# Wiring AFX/Tomy Electronic Lap Counter To Timing System



## Delmerson (Jan 5, 2015)

It doesn't seem cost effective to rig home, two lane, snap together tracks with a routed computer timing system. The Slot Dragon system is good but optimizes short burst, drag race style competition. Rumor has it that Tomy is developing their recently released electronic lap counter to include a lap timing function. Has anyone explored using the existing Tomy trigger system to activate a timing function?


----------



## kriket (Feb 15, 2013)

I thought slot dragon also made a lap timer system for circuit racing as well as drag racing?


----------



## Delmerson (Jan 5, 2015)

Slot Dragon makes a pretty cool system but it is optimized to drag racing and conventional lap count races. I'm definately taking a look at it. I'm also exploring a simpler lap timing system that would simply count up laps and record times. This may be unrealistic but I'm looking to replicate some sort of timed race set up without going to the expense of purchasing a full blown routed track computer system.

I was just checking to see if some electronic wiz had dissected the new Tomy digital lap counter as one would think its trigger device could be adapted to some sort of timing system.
DCF


----------



## Rich Dumas (Sep 3, 2008)

A stand alone system will work well for a lot of people, but computer based systems are far more flexible. Now that flat panel monitors are fairly cheap you can mount one so that you can check your lap times without having to stop. Trackmate has a voice feature that calls out your lap times, it only works for one lane at a time however. A computer based system can remember your best lap, which is a nice feature to have if you are tuning a car. Originally I had a TrikTrax unit that toggles between counting and timing laps. After I upgraded to Trackmate I left the TrikTrax in place as a backup.


----------



## Black Oxxpurple (Jul 3, 2011)

I got a pair of matching flat panel monitors at the good will. Total cost $20 dollars. How can that be expensive, and the computer system is an old referb machine I had sitting around.


----------



## kriket (Feb 15, 2013)

I was on the slot dragon web site the other day and it says their system not only counts laps but gives lap times and best lap for not just drag racing but also circuit racing for 2 lane plastic tracks. Maybe i read wrong. They do have a couple of different systems as well and they are working on a 4 lane system and an upgrade to 4 lane for the 2 lane system as well, thats what they said in an email they sent me when i inquired about it.


----------



## Rick Voegelin (Oct 27, 2006)

I think the most cost-effective way to get a fully functional timing system is Greg Braun's LapTimer 2000. I used this system for years on four-lane Tomy plastic track before graduating to Trackmate. The software is free, and he has posted diagrams on how to wire the sensors . . . or you can buy a pre-made kit with cable and photo sensors for a two-lane track for $100. If you have a "modern" computer with only USB ports, then you'll also need a cheap converter since Braun's cables use parallel and serial ports. LapTimer 2000 doesn't have the race management features of TrackMate (driver rotation, points scoring, etc.) but it's great for testing, tuning, and running informal races. It does record lap times, best lap, etc. for up to four lanes.

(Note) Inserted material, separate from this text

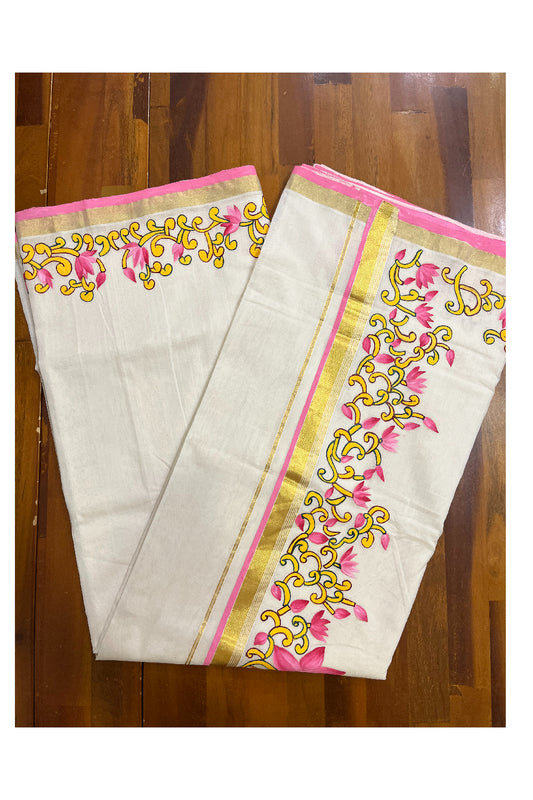 Southloom Premium Balaramapuram Unakkupaavu Handloom Saree with Pink Lotus Motifs Handpainted on Borders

I'm not associated with Braun, just a satisfied customer.

Check it out here: http://www.hoslotcarracing.com/ under "Lap Timer."

Cheers,
Rick V.


----------



## Delmerson (Jan 5, 2015)

Thanks guys, very helpful.
D


----------



## FOSTBITTEN (Aug 1, 2013)

I don't know if you have them or not but, there are smartphone apps that will time and count laps. And the [ne I use is Slot Car Trainer Pro on my Android devices. You will just need 2 of them and set the camera eyes directly over the lane. It beeps every lap and when you turn the fastest lap it will give you a heads up on that. The Slot Car Trainer app even has a free version. And that works just the same. I think the paid version is under $5. It works for me.


----------



## Ogre (Jan 31, 2007)

Worth a look.
http://www.genuinehotrod.com/itemgroup/drag-tracks-slot-car-racing-system


----------



## Boosted-Z71 (Nov 26, 2007)

You can easily build a timing system from Brauns site, parts from Radio shack will cost you about $15 bucks for a 4 lane setup, plus the cable for whatever type of computer connection you need. All very easily done and they work pretty good, you might get a ghost lap with t-jets now & then. I have built 4 systems for my tracks, so very easy to do, I think I posted a thread on here with parts, pictures & instructions. 

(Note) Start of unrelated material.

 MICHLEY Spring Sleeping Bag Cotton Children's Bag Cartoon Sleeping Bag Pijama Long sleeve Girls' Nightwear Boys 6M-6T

Be glad to help anyone trying to build these

Boosted


----------



## beast1624 (Mar 28, 2009)

Boosted-Z71 said:


> ...parts from Radio shack...


Not sure if you guys have heard but Radio Shack filed for bankruptcy last week. They are based here in the DFW area and all the local stores are liquidating inventory. If you have one locally check it out before it's too late. They are planning on selling some of the stores to one of the wireless companies (maybe Sprint) but even if they do I imagine we have seen the last of the Radio Shack we have known for years if what they are saying holds true.


----------



## Rich Dumas (Sep 3, 2008)

Radio Shack is the only local place that I can buy electronic parts. It would be a shame if the entire chain closed up. They have been closing poorly performing stores for years.
There used to be mom and pop electronic parts stores all over the place, nearly all of them are gone now, so I guess that I will have to buy everything on line. That is really murder when all you need is a small item, but you still have to pay a lot for postage and will also have to wait a few days for it to show up.


----------